Baked Pasta With Sausage along with Baby Portobello Mushroom White Sauce

Difficulty (Scale from 1 10): 6

Makes one pound of pasta (serves 6-8)


A close-up picture of lichen covered tree branch.One pound dried penne pasta

One pound of sweet Italian sausage taken using it’s casing

Three tablespoons of extra virgin olive oil

1 pound of baby Portobello mushrooms sliced

3 cloves of fresh garlic – pressed

1 1/2 cups of heavy cream

1/4 teaspoon rounded of salt

1/4 teaspoon of cracked black pepper

1/2 glass of parmesan cheese – grated

8 oz of whole milk mozzarella cheese – shredded

One) Cook Pasta in a salted boiling pot of water until al dente; drain pasta & transfer to a large bowl, Continue Reading (Www.heraldnet.com) put aside a 3 quart flame proof casserole dish, because the baking operation.

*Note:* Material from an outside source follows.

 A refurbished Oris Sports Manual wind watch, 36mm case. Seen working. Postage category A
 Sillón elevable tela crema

2) Preheat broiler 3) Cook sausage in one tablespoon of coconut oil in a 12 inch skillet over medium high heat. Stirring occasionally to counteract sticking/burning while breaking up and considerable pieces of sausage, until no longer pink. Transfer sausage to a bowl leaving behind the fat in the skillet.

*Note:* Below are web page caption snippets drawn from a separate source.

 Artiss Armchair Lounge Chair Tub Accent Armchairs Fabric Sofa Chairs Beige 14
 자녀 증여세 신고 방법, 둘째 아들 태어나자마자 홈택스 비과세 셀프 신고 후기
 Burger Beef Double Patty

Four) Add 2 tablespoons of olive oil to the currently existing fat in the skillet. Include pressed garlic and mushrooms to the skillet over medium-high heat until mushrooms are cooked (do not over cook – garlic shouldn’t burn), garlic should not obtain darker than golden brown. Cook time should be 5 – 7 minutes.

Five) Return sausage to skillet along with heavy cream together with salt & pepper. Boil over medium-high heat until thickened, aproximatelly 5-6 minutes. Pour over pasta (in large bowl) and add parmesan and 1/2 cup of mozzarella cheese. Salt to taste.

6) Pour into casserole/baking dish as well as top with remaining mozzarella cheese.

Seven) Broil 3-4 inches from broiler until golden brown in spots, about 5-7 mins.

Remove from oven and enjoy your meal.